Il suffit de penser aux carnavals, aux bacchanales, ou encore aux free parties, pour se souvenir de la puissance unificatrice de la danse. Certes la musique a cette capacité de relier les individus en foules, mais la danse aussi. Et ce n’est pas un phénomène homogène. Explorant ce pouvoir de créer du lien, de l’empathie, le chorégraphe portugais Marco da Silva Ferreira (Cie Pensamento Avulso) a ainsi créé Brother (2017). Une pièce pour sept danseurs, imprégnée de cette énergie communicative. Et sur un live musical de Rui Lima et Sérgio Martins, au croisement entre électro pulsatile et son texturé, Brother met en lumière ce qui fait la chair du fédérateur. La scène est sobre, dépouillée, libérant ainsi toute l’attention pour la contemplation des danseurs et danseuses. De leurs mouvements, de leurs interactions, de leurs échanges de regards et de leur visage. Des visages qui, justement, sont peints en jaune.
Brother de Marco da Silva Ferreira : ce qu’il y a de si communicatif dans la danse
Avoir le visage peint en jaune, c’est à la fois porter un masque et souligner son visage. Le rendre saillant dans la lumière. Entre danses urbaines et tribales, Brother ne s’attache pas tant à l’effet de masse, informe, qu’à ce qui relie les individus. Des personnes, avec une individualité, un visage, un corps singulier, se connectant par la danse les uns aux autres. Pour créer Brother, Marco da Silva Ferreira est allé puiser dans différents corpus chorégraphiques.
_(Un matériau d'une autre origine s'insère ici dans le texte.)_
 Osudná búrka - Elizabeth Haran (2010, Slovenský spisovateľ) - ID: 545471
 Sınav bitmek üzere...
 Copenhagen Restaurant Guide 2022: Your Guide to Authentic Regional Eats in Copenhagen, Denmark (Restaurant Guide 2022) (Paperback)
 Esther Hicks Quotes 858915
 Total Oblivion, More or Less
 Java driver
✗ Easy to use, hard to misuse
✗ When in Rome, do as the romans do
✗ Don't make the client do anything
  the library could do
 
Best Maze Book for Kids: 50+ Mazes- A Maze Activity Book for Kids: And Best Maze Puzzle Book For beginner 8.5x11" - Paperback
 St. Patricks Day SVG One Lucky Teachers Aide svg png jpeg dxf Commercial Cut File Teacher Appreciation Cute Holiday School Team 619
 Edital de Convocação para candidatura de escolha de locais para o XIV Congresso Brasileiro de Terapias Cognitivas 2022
Le Kuduro, le Pantsula, le Voguing et des vidéos de danses ethniques, notamment. À partir de ces éléments chorégraphiques, Brother permet de sentir, physiquement, ce que trame la danse entre ceux qui la font. Et c’est la mémoire corporelle qui affleure. Celle des interprètes comme celle des publics. Une mémoire qui fait remonter quelque chose d’animal à la surface de la peau. Non pas la barbarie, mais un feeling : un sentiment de lien.
L’imitation comme manière d’apprendre et réinventer : une mémoire chorégraphique
Expliquant sa démarche, Marco da Silva Ferreira souligne la continuité entre Brother et son précédent spectacle Hu(r)mano (2015). Mais si Hu(r)mano s’attachait à détacher les caractéristiques des danses urbaines comme une sorte de typologie un peu abstraite, Brother compose plutôt du liant. Ici, Marco da Silva Ferreira met au jour ce qui se transmet au fil des générations. Et un peu comme Aby Warburg et sa bibliothèque d’images, Brother déplie les affinités, les similitudes, les survivances de danses en danses. Ce fond de résonance qui continue de vibrer. Et la pièce Brother est structurée par une forme d’imitation. Les danseurs ne cessent de s’observer et de s’imiter les uns les autres. Parfois en solo, parfois en groupe : l’attention reste constante et la danse se propage en variations magnétiques. Livrant ainsi une pièce qui mobilise les mémoires collectives, les effets d’entrainement et d’apprentissage et la sensation physique de résonance.